ASSIGNED TASK:
Starting with the first line of the data that follows, transcribe every line verbatim until the line containing "You also need" has been transcribed.

___ GIVEN ENTRIES

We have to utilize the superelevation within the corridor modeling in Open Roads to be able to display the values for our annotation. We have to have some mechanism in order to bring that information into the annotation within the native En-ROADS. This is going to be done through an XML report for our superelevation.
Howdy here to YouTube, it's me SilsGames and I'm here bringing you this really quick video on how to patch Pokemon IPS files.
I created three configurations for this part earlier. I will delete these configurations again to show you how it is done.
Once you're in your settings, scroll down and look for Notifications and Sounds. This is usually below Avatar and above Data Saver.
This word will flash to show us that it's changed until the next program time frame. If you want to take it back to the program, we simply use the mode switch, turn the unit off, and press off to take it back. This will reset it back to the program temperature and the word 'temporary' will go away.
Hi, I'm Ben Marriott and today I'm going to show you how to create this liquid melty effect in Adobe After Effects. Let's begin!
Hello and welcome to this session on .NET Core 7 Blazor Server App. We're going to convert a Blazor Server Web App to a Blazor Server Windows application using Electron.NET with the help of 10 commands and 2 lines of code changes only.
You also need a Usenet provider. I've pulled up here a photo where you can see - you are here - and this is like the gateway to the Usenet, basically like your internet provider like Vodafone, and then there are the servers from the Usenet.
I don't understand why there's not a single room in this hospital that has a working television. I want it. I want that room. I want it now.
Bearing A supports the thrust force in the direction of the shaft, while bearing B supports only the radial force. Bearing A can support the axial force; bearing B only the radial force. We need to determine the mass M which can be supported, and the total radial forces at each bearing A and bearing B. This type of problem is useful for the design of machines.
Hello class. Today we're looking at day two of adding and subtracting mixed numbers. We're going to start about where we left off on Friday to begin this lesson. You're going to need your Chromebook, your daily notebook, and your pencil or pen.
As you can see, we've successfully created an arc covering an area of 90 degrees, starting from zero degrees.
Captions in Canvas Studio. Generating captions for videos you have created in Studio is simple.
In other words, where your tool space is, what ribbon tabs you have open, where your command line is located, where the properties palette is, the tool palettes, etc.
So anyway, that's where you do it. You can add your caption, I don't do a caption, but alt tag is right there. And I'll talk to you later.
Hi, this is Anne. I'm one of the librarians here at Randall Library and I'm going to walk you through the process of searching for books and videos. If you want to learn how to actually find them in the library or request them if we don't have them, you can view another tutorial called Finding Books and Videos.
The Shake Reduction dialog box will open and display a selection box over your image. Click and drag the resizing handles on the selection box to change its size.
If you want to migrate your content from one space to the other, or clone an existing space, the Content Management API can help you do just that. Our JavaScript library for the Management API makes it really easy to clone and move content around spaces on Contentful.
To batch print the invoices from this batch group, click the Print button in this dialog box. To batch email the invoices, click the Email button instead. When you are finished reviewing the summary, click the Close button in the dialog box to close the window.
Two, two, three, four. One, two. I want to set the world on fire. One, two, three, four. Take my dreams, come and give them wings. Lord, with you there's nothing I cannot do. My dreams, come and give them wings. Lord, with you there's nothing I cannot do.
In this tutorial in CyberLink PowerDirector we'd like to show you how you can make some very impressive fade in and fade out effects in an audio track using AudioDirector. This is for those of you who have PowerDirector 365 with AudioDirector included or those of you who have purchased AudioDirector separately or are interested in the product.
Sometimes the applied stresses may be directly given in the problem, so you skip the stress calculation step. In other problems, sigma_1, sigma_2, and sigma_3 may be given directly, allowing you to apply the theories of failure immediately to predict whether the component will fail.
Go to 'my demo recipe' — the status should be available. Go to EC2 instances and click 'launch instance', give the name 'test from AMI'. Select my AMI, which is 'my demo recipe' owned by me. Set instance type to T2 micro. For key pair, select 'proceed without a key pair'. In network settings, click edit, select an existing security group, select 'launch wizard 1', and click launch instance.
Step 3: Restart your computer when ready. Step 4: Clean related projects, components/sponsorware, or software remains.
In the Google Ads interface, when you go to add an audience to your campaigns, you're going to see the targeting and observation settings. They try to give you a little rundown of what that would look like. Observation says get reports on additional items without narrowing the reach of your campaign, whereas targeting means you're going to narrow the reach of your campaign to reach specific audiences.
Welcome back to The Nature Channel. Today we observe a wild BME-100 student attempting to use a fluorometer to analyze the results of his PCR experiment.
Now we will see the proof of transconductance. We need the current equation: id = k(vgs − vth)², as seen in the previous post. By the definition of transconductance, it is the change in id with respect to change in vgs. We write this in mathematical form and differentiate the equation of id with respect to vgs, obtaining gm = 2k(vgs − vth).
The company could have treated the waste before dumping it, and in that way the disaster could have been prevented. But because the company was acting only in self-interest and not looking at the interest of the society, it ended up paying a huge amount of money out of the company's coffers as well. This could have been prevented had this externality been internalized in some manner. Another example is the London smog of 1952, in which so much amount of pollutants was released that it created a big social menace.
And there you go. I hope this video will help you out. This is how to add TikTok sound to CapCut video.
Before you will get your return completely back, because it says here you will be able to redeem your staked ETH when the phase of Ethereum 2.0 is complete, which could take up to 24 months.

______

OUTPUT BELOW:
We have to utilize the superelevation within the corridor modeling in Open Roads to be able to display the values for our annotation. We have to have some mechanism in order to bring that information into the annotation within the native En-ROADS. This is going to be done through an XML report for our superelevation.
Howdy here to YouTube, it's me SilsGames and I'm here bringing you this really quick video on how to patch Pokemon IPS files.
I created three configurations for this part earlier. I will delete these configurations again to show you how it is done.
Once you're in your settings, scroll down and look for Notifications and Sounds. This is usually below Avatar and above Data Saver.
This word will flash to show us that it's changed until the next program time frame. If you want to take it back to the program, we simply use the mode switch, turn the unit off, and press off to take it back. This will reset it back to the program temperature and the word 'temporary' will go away.
Hi, I'm Ben Marriott and today I'm going to show you how to create this liquid melty effect in Adobe After Effects. Let's begin!
Hello and welcome to this session on .NET Core 7 Blazor Server App. We're going to convert a Blazor Server Web App to a Blazor Server Windows application using Electron.NET with the help of 10 commands and 2 lines of code changes only.
You also need a Usenet provider. I've pulled up here a photo where you can see - you are here - and this is like the gateway to the Usenet, basically like your internet provider like Vodafone, and then there are the servers from the Usenet.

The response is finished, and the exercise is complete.